▶ _Directions for this task_: Take the line containing "1801 Meadows Ct, Vinton, Virginia image 2" and every line after it to the end of the records, and copy them exactly, leaving out pictures.
[Opening Provided entries section]
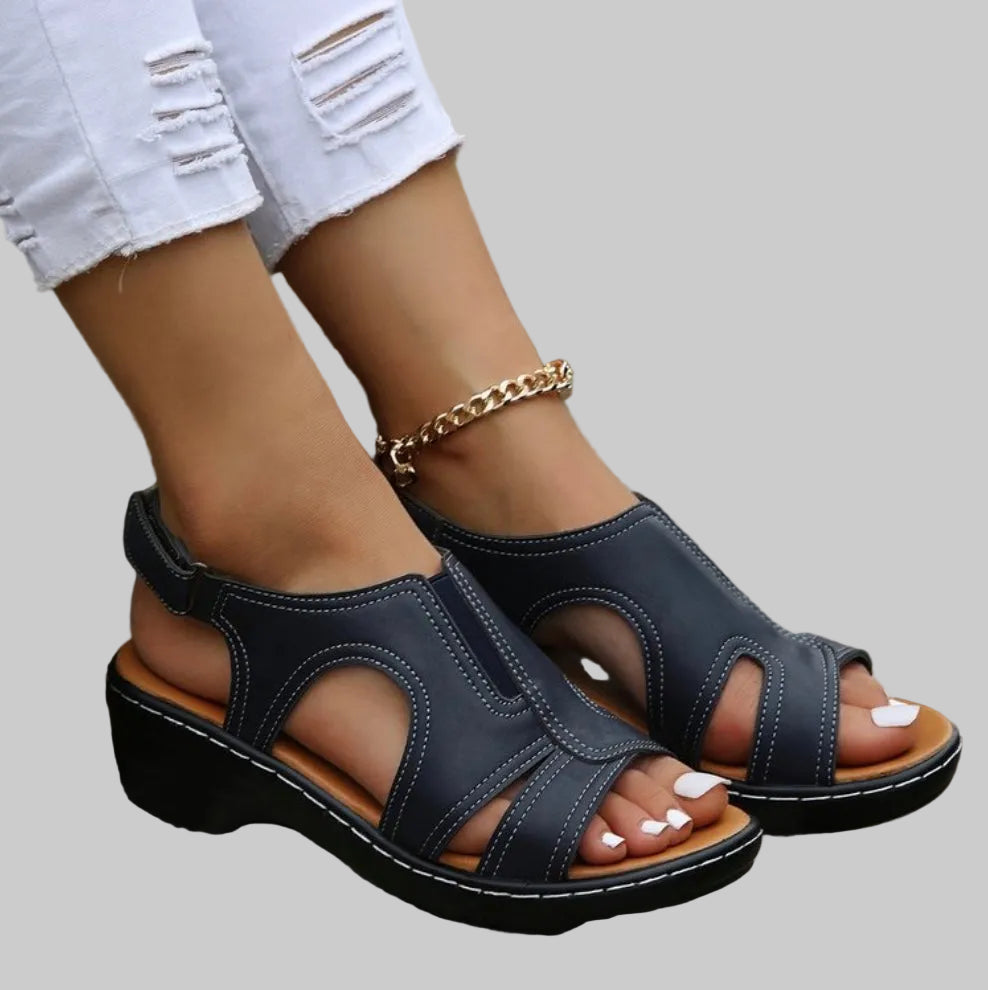 Irina - Premium Kožne Ortopedske Sandale s Kamenom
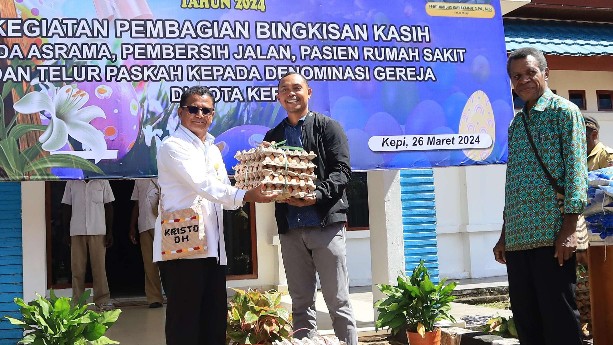 pemkab-mappi-salurkan-paket-bakti-kasih-jelang-paskah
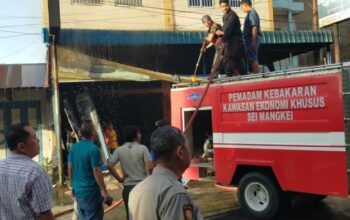 Dua Toko di Perdagangan I Dilalap Si Jago Merah, Kerugian Ditaksir Capai Rp1,5 Miliar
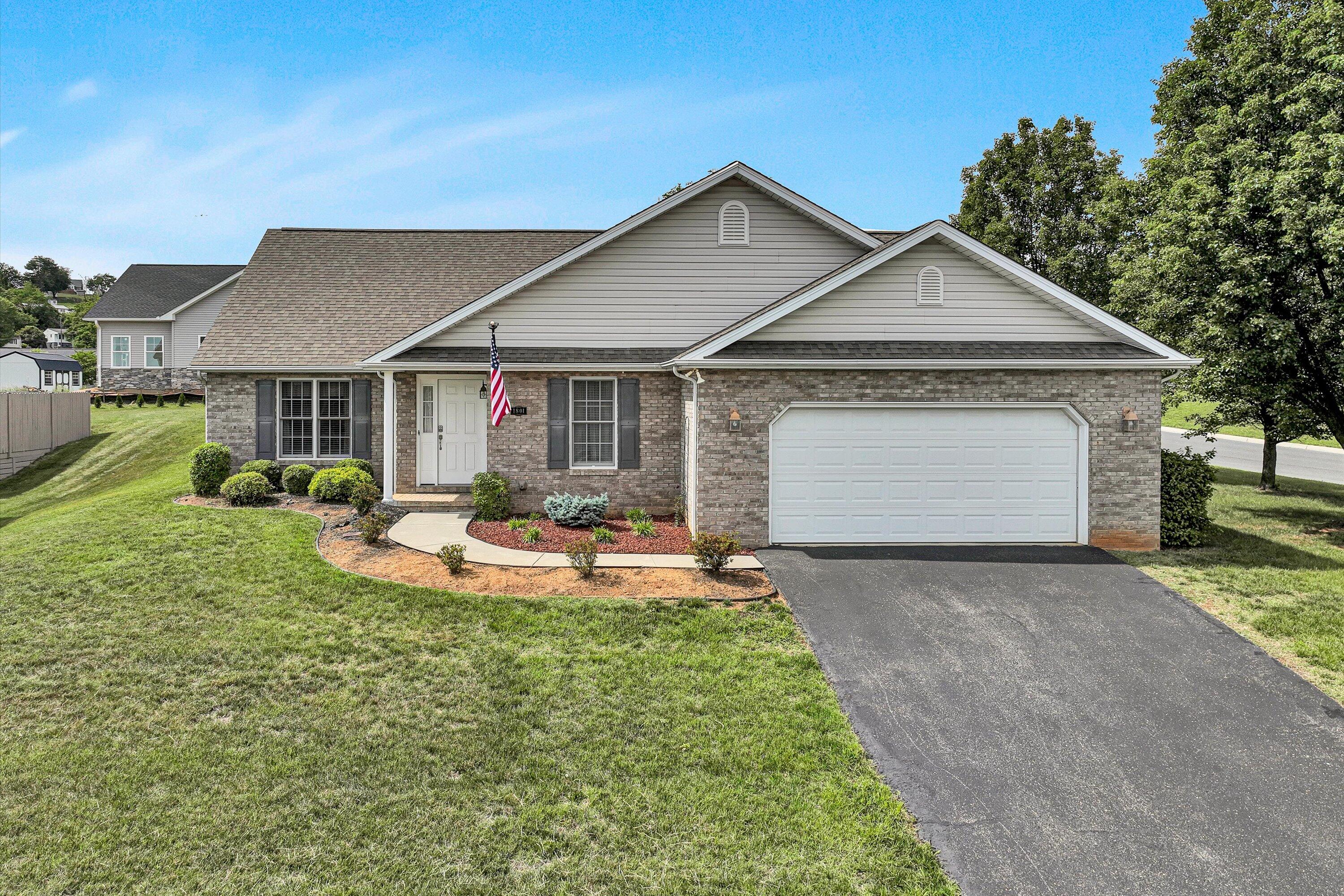 1801 Meadows Ct, Vinton, Virginia image 2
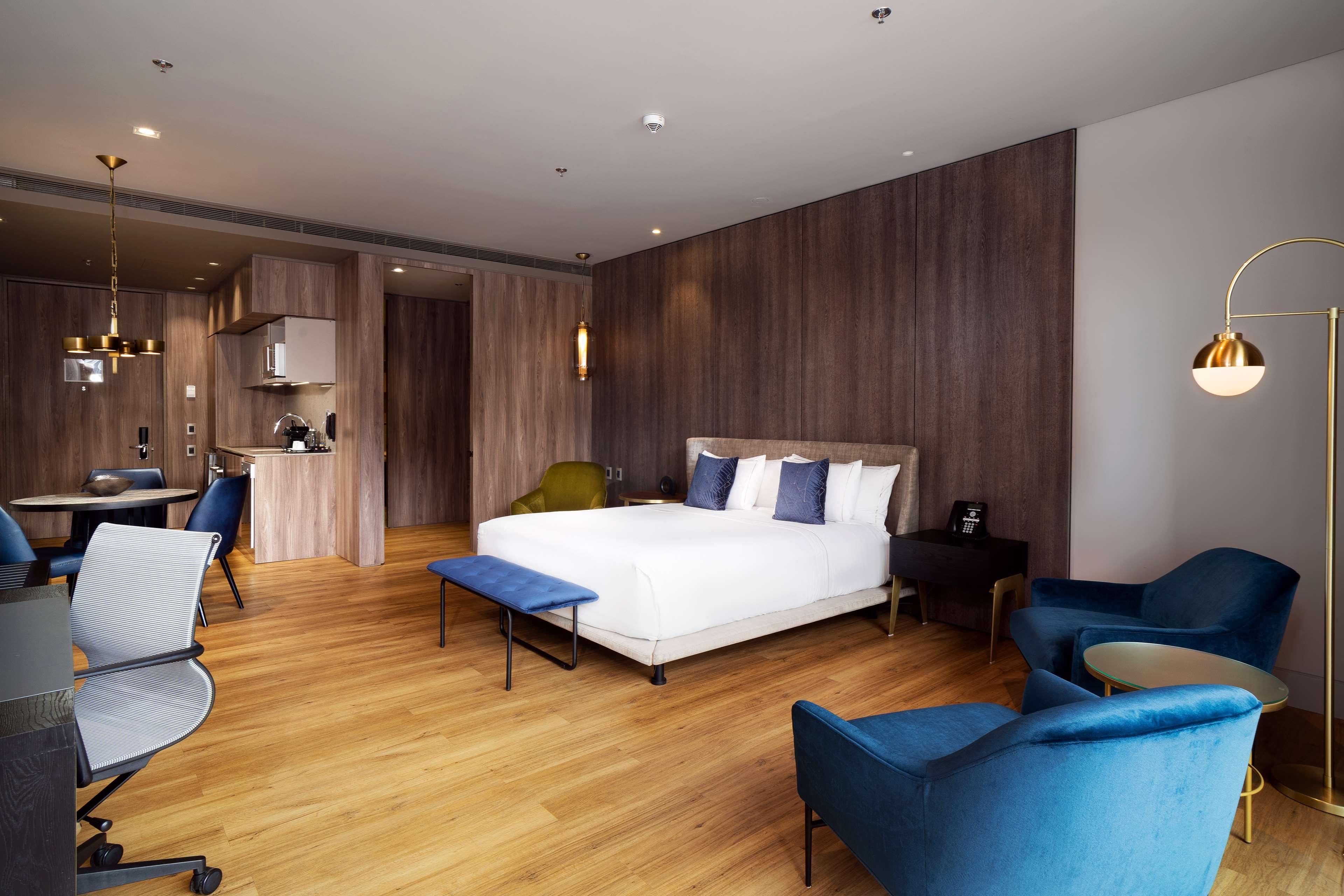 SUPERIOR, APARTMENT, KING BED, BALCONY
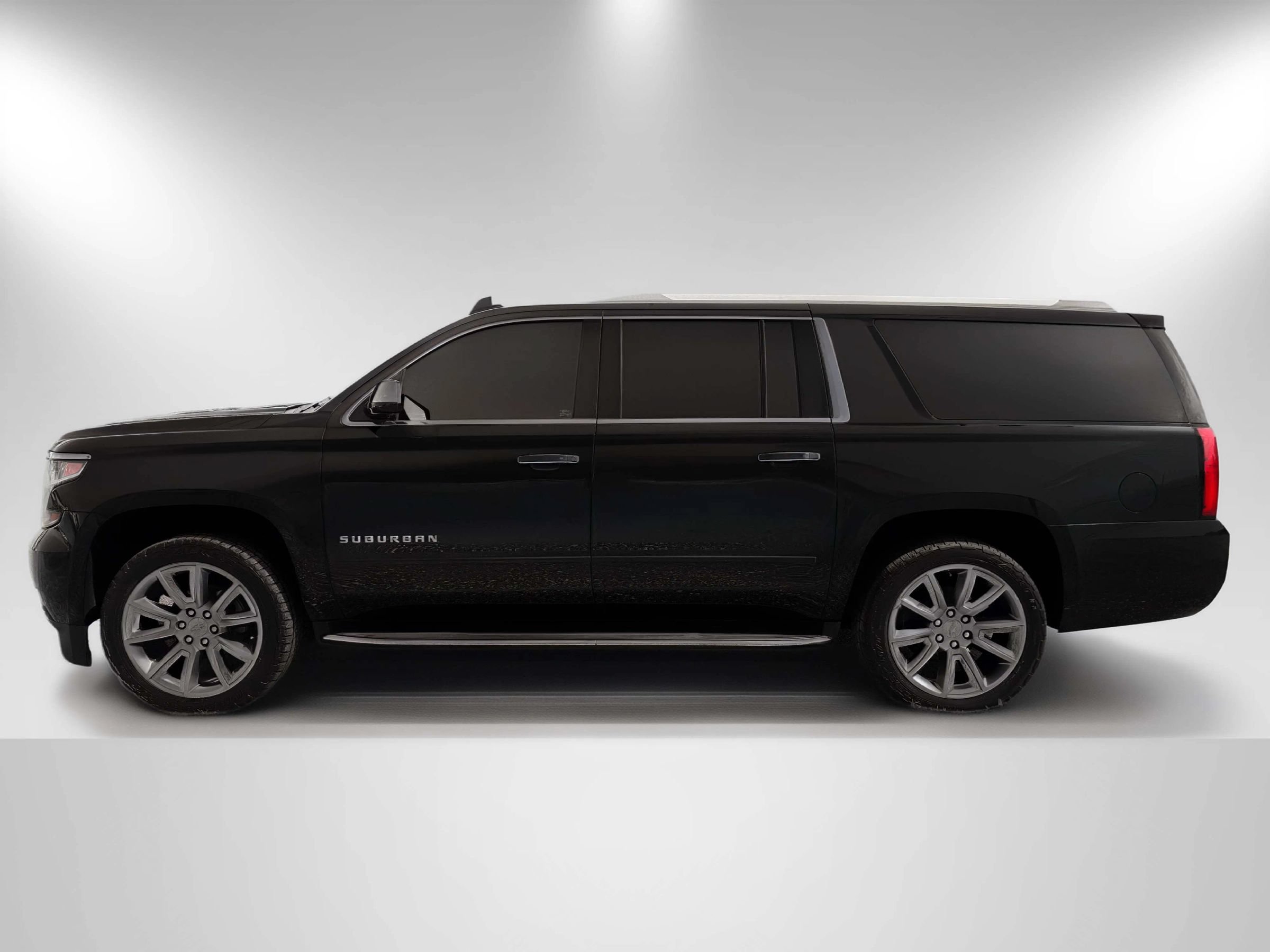 Used 2018 Chevrolet Suburban Premier RWD image 8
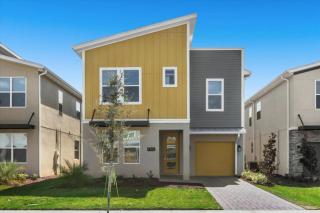 6 Bedroom 5 Bathroom Storey Lake 4366 Rs - 0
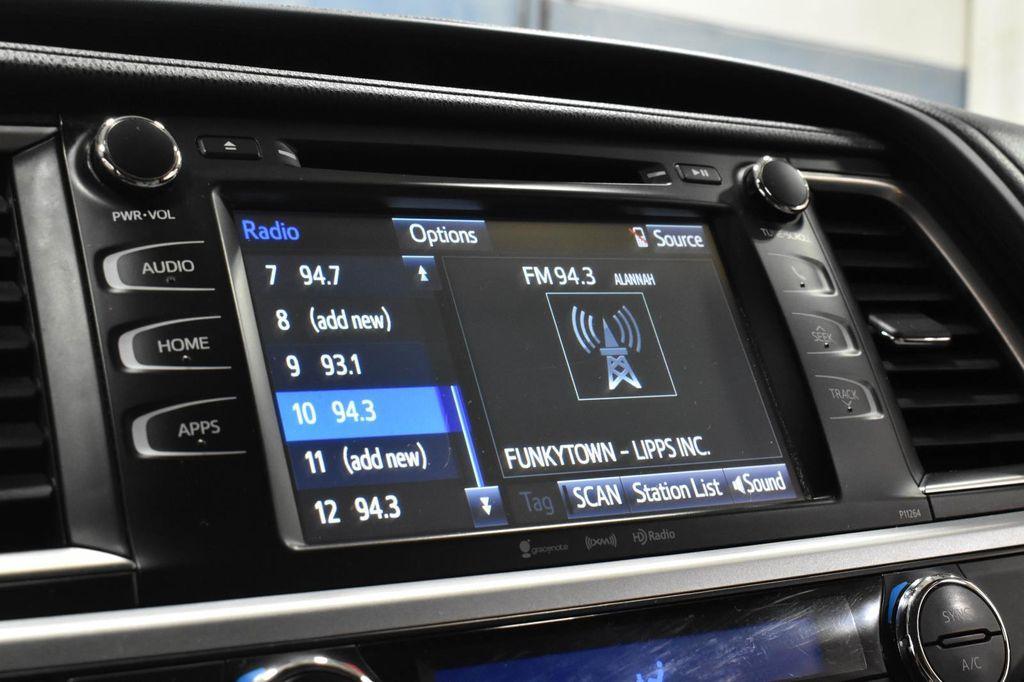 used 2016 Toyota Highlander car, priced at $15,670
[Closing Provided entries section]
▶ _Written answer_:
 1801 Meadows Ct, Vinton, Virginia image 2
 SUPERIOR, APARTMENT, KING BED, BALCONY
 Used 2018 Chevrolet Suburban Premier RWD image 8
 6 Bedroom 5 Bathroom Storey Lake 4366 Rs - 0
 used 2016 Toyota Highlander car, priced at $15,670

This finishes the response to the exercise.